Preconceitos lingüísticos à parte, muitos são os aspectos e fatores que orbitam a dualidade dos direitos e deveres, e que padecem de reflexão, eis que, conquanto se pareçam evidentes, displicentemente nos fogem à percepção.
Imaginemos só como seria a nossa realidade, a nível de cidadania, se, assim como a Bíblia Sagrada, toda família brasileira (para não dizer todo indivíduo) trouxesse consigo a Constituição Federal. Sim, porque é a Carta Magna a lei suprema que rege o nosso ordenamento jurídico, na qual estão esculpidas as garantias que dão sustentação a muitos direitos dos cidadãos e que são por eles próprios desconhecidas.

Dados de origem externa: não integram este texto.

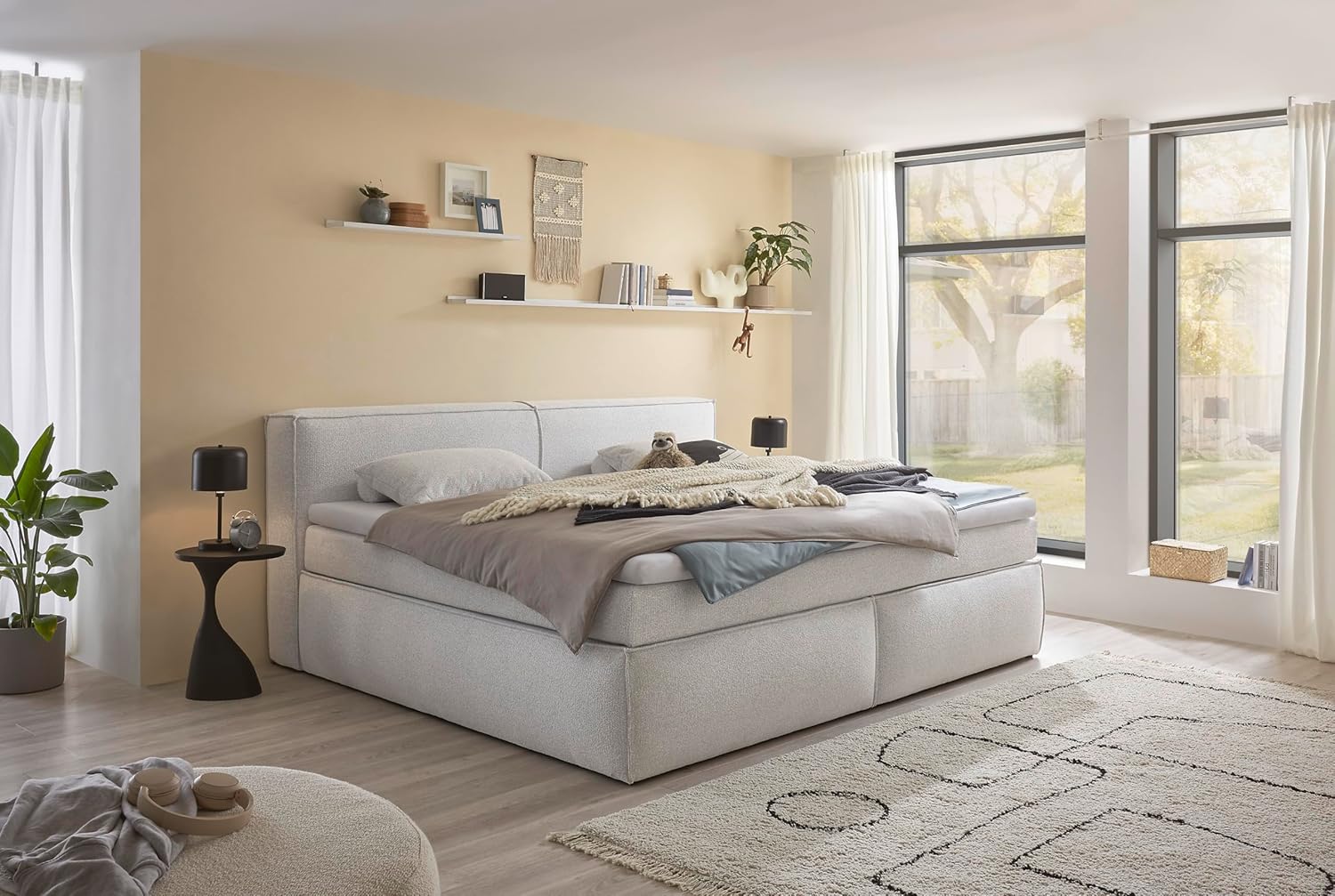 Boxspringbett Sandon Familienbett 240x200 in Silber – Duo-Wendematratze H3/H4 mit 7-Zonen-Tonnentaschenfederkern, 6 cm Topper & komfortable Liegehöhe 70 cm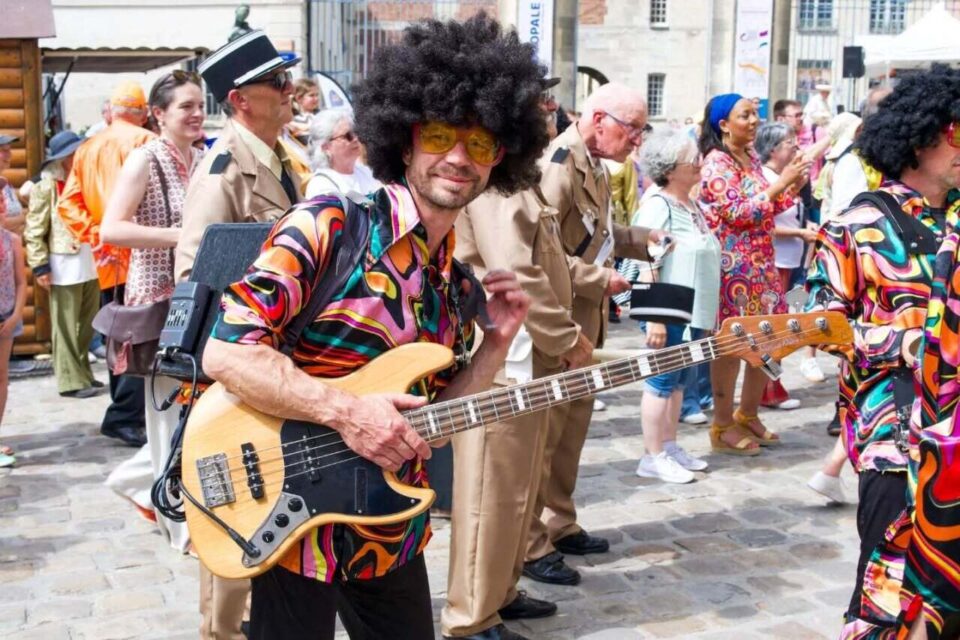 Des musiciens, aux couleurs des années disco, ont déambulé dans les rues plus tôt dans la journée.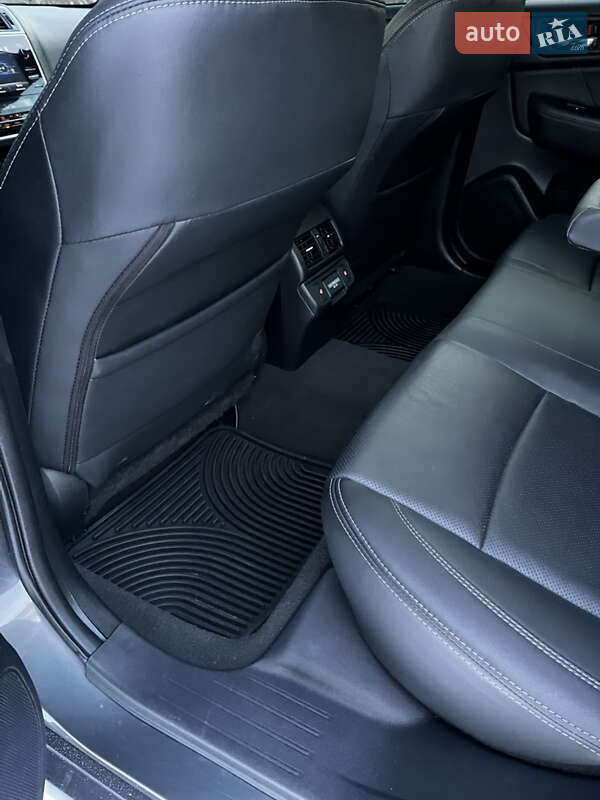 Универсал Subaru Outback 2018 в Днепре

Poucos não são os indivíduos que se dizem politizados e conhecedores dos seus direitos e deveres, mas no entanto, não dispõem em suas casas e ou no ambiente de trabalho, nem mesmo de um exemplar da carta política do seu Estado, do seu Município (Lei Orgânica), e porque não dizer, do Código Civil ou da Declaração dos Direitos Humanos.
Muitos devem ser os cidadãos que ignoram a conduta de determinadas ações que se afiguram como tipicamente culturais, mas que podem vir a ser tipificadas como crime, como por exemplo: A alienação parental (Quando um dos pais tenta destruir a imagem do outro na cabeça da criança) e o Assédio moral no trabalho (Exposição dos trabalhadores e trabalhadoras a situações humilhantes e constrangedoras, repetitivas e prolongadas durante a jornada de trabalho e no exercício de suas funções).
Não raros são os indivíduos que desconhecem algumas das regras básicas para o condigno convívio social em face do Estado, como por exemplo: Na Administração Pública não pode haver liberdade nem vontade pessoal. Enquanto na administração particular é lícito fazer tudo que a lei não proíbe, na Administração Pública só é permitido fazer o que a lei autoriza. A lei para o particular significa “pode fazer assim”; para o administrador público significa “deve fazer assim” (Hely Lopes Meirelles, Direito Administrativo Brasileiro, 21ª edição, Malheiros Editores, pg. 82).]
Certamente, se a cidadania fosse “religiosamente” exercida no nosso Estado Democrático e de Direito, a grande maioria dos brasileiros teria, por exemplo, plena consciência de que o direito do cidadão termina onde começa o direito do outro, até porque, “a ninguém é dado o direito de desconhecer a lei, para furtar-se do seu cumprimento (Art. 3º da Lei de Introdução ao Código Civil).
É razoável, pois, concluir que a maioria dos brasileiros pode sim ser considerada cidadã, não pelo pleno conhecimento dos seus direitos e deveres, mas elementarmente pelo princípio da dignidade humana que lhe é fundamentalmente assegurado, bem como pelos valores e padrões de conduta éticos e morais que lhes são culturalmente inerentes, a bem da coexistência em sociedade.
Ainda a título de reflexão, não sabe a maioria dos indivíduos que não é preciso ser, necessariamente, advogado para instruir, por exemplo, o procedimento de habeas corpus, tampouco para escrever um artigo como este; simplesmente, basta tão somente ser cidadão(ã).